Но ведь мы же и присвоили себе хвастливое самоназвание Человек Разумный. Вот случай первый раз в истории человечества хоть в чем-то доказать основательность этого хвастовства. Да, сегодня без семьи меньше проблем. Еще меньше без детей. Но еще меньше - на кладбище (правда, только для усопшего). Так что это - не аргумент. Историки, философы, социологи и психологи хоронят семью. А история, философия, социология и психология убедительно показывают, что семья была и осталась непреходящей ценностью человеческого общества. Мало того, непременным условием существования подлинно человеческого общества. Без семьи общество тоже может существовать. Но какое? Нечеловеческое, бесчеловечное.
Какие альтернативы у семьи? Гаремы? Но это - для кучки двуногих животных. Содом и Гоморра? Это мы уже видели в 60-х на Диком Западе - от Парижа до Сан-Франциско. Логический конец красочно описан в Библии. Конкубинат с обязательством поставлять двух-трех детей от каждой женщины в общественные воспитательные учреждения? Но это - утопия казарменного социализма. Ее вполне можно осуществить. Пол Пот едва не довел это дело до конца в Кампучии: ему помешали уничтожить оставшихся кампучийцев. Мы, человечество, тоже можем довести до конца, если не помешаем сами себе. Что еще? Дети в пробирках? Поточное производство на детофабриках? Но мы уже говорили, что это будут дети нечеловеческого, бесчеловечного общества.

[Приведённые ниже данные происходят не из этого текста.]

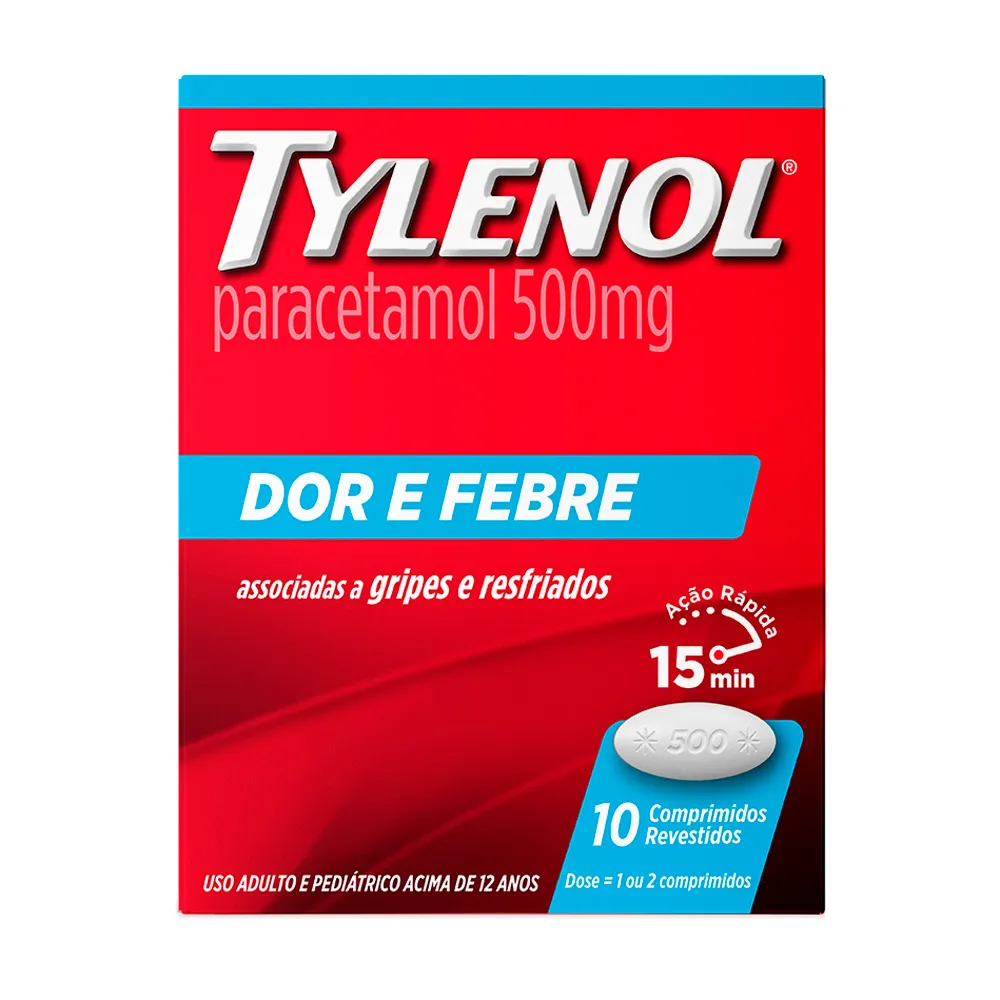 Tylenol 500mg Dor e Febre com 10 Comprimidos Revestidos - Drogaria Araujo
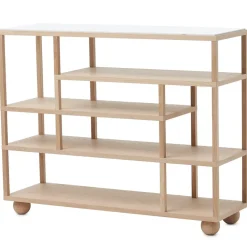Etagère avec plateau en marbre Show, Chêne huilé blanc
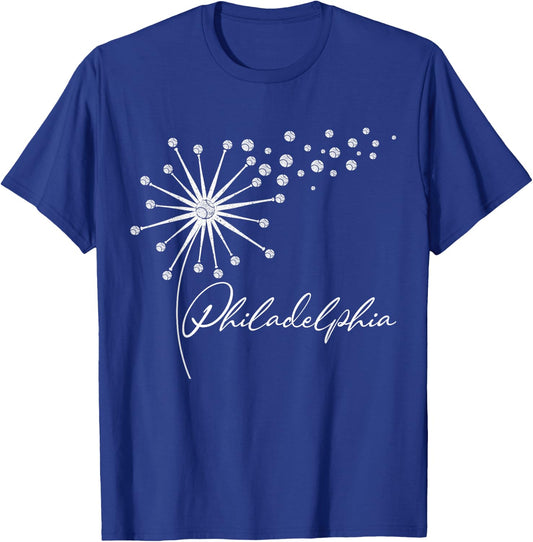 Philly Cute Baseball Dandelion Souvenir I Love Philadelphia T-Shirt - T-Shirt | Royal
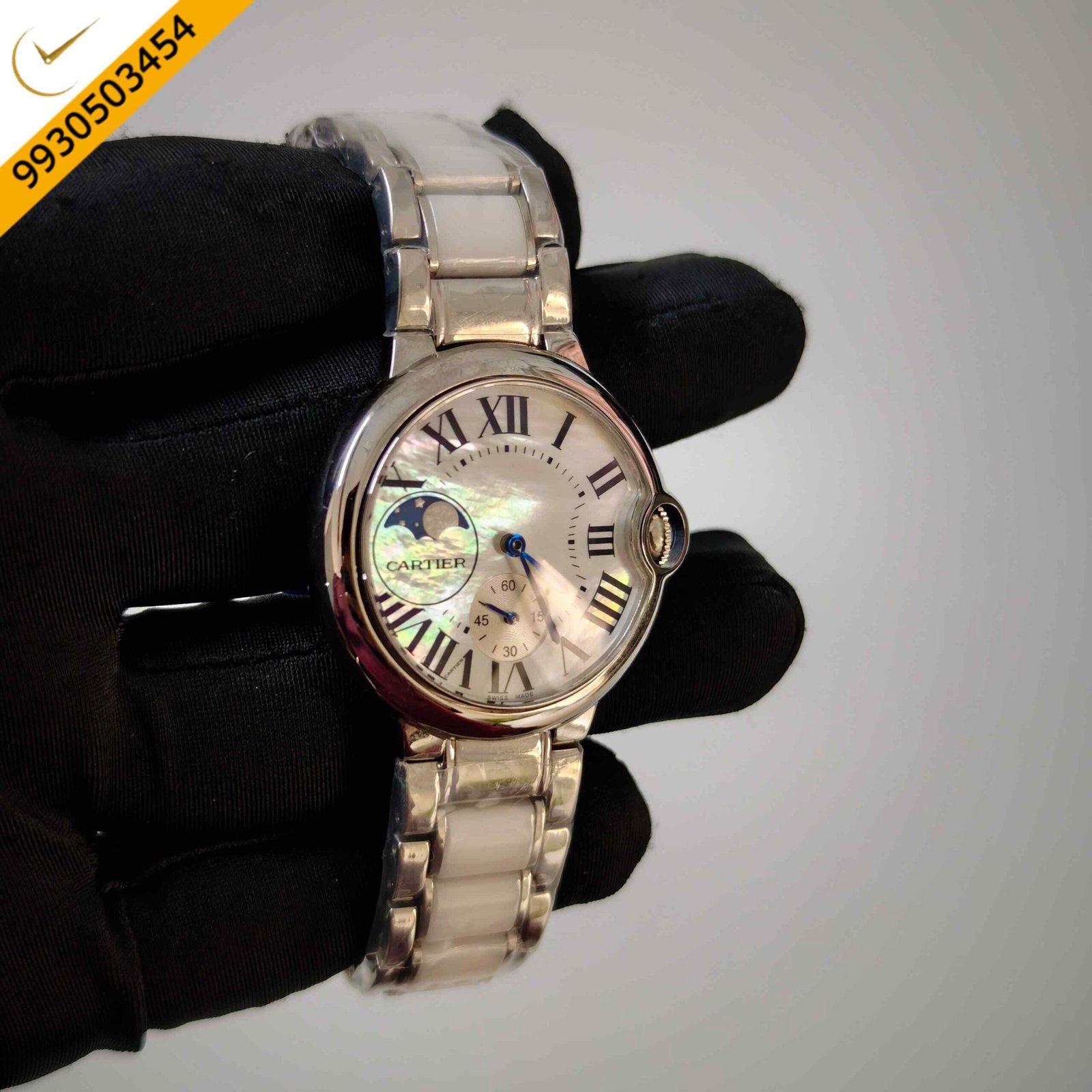 Cartier Ballon Bleu De Mother-of-pearl dial white ceramic and Steel Strap Swiss Semi ETA Automatic Watch - Image 3
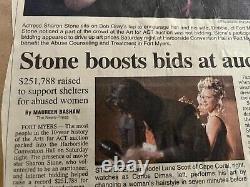 Sac signé Sharon Stone, unique en son genre, objet de vente aux enchères de 1999 avec documents originaux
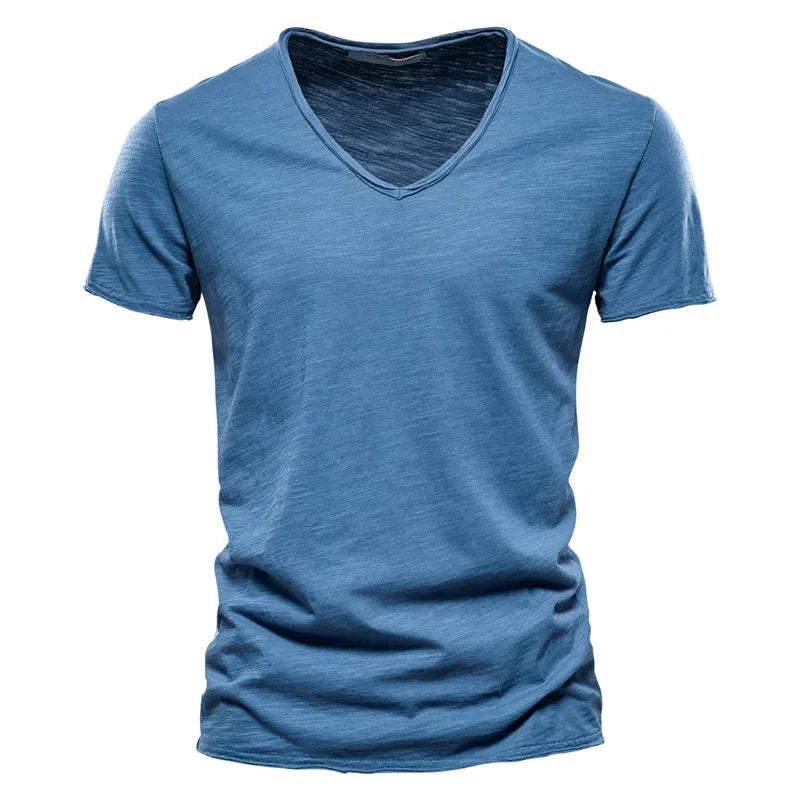 Men's 100% Cotton V-Neck Short Sleeve Tee — Classic Everyday T-Shirt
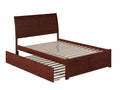 AFI Portland Full Size Platform Bed with Footboard & Full Trundle in Walnut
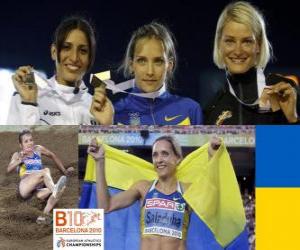 Rompicapo di Olha Saladuha campione del salto triplo, Simona La Mantia, Svetlana Bolshakov (2 ° e 3 °) del Athletic Campionati Europei di Barcellona 2010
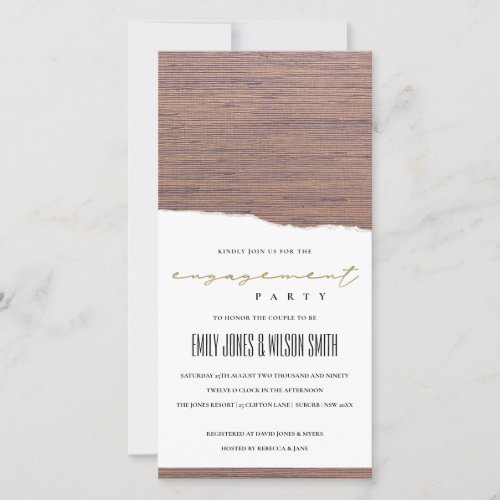 CHIC TORN PAPER RAW SILK PATTERN ENGAGEMENT INVITE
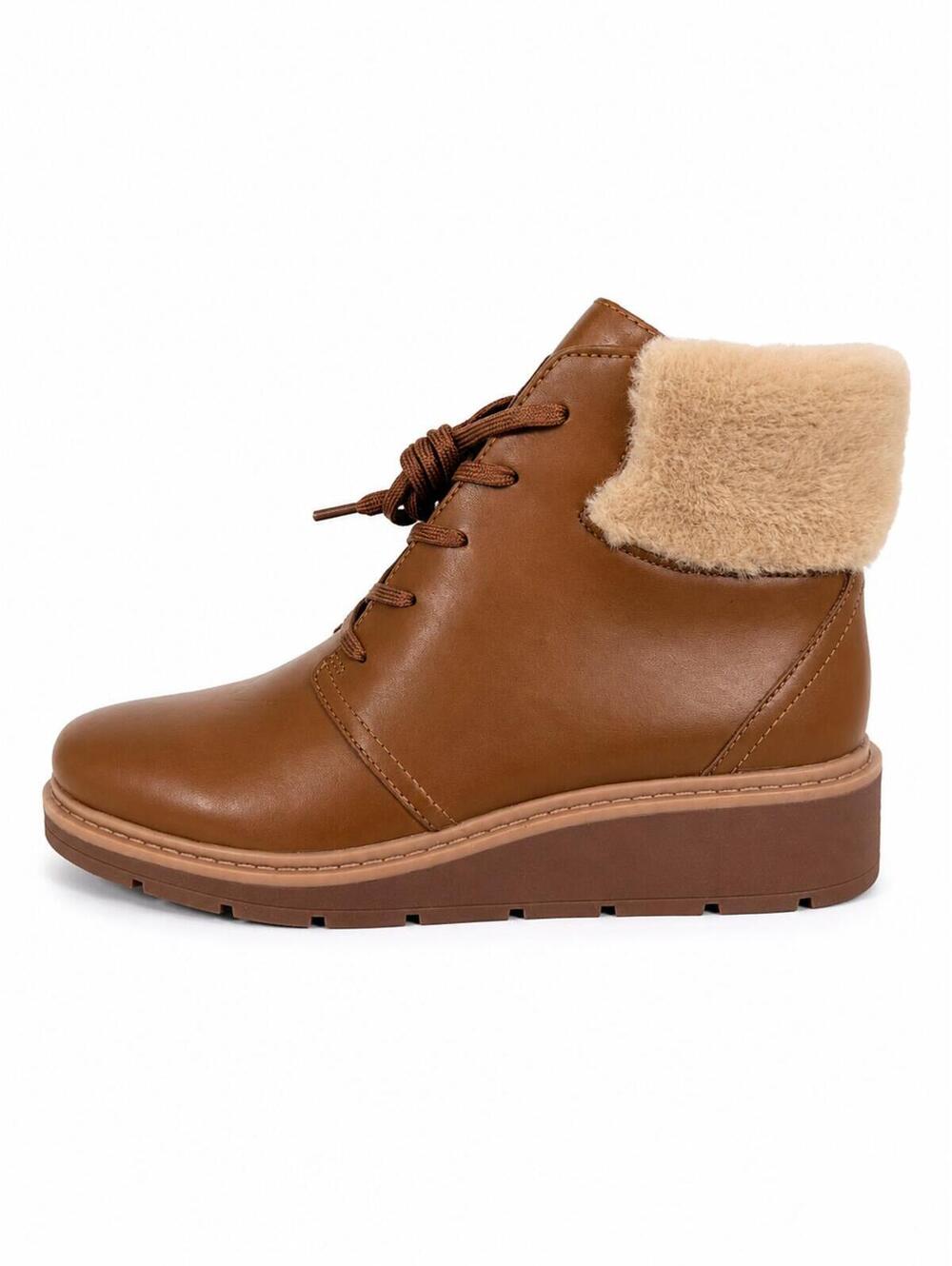 Clarks Andie Go Ankle Boots Brown Faux Fur Lined Lace Up Size 7.5 - Picture 1 of 8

Да, исторические формы семьи менялись и будут меняться. Но сама семья как содружество любящих или хотя бы симпатизирующих друг другу мужчины и женщины - идеальная организация для нормального воспроизводства населения и в количественном, и в качественном отношении, единственная организация, где тебя могут любить, даже если во всех других ненавидят, где тебя могут уважать, смотреть как на Творца и Учителя, даже если во всех других презирают, видят только Потребителя и Идиота - разве этому можно найти альтернативу, разве это можно похоронить, не похоронив в той же могиле Человека и Человечество?
И ребенок, при всех заботах и хлопотах о нем, дает взрослому больше, чем тот ему. Он ему позволяет прожить еще одну, две, три жизни (по числу детей), глядя на каждую из них широко раскрытыми глазами ребенка, а не своими, которым давно опостылело все. Он прирожденный друг - если, конечно, с ним обращаться как с младшим другом, а не как с вечным подследственным или как с новобранцем в казарме. А мы еще имеем наглость жаловаться на одиночество! Наконец, в нем и его детях - единственно возможное наше бессмертие (почитая все прочие разновидности последнего по меньшей мере дискуссионными). Словом, никакого сравнения даже с наилучшим псом! (Хотя некоторые почему-то очень обижаются на такое сравнение). Да, с семьей сегодня больше проблем, чем в одиночку. Но, может, стоит подумать о том, как помочь семье, чтобы повысить социальный статус отца и матери семейства до такого уровня, чтобы все завидовали им, как сегодня подросток -завидует взрослому, инвалид - здоровому человеку? Кстати, у социологов есть дельные предложения на этот счет. Более тридцати. Только никто не торопится претворить их в жизнь.
Но помощь - помощью, а главное - самосознание непреходящей ценности семьи. Семья умирает. Да здравствует семья!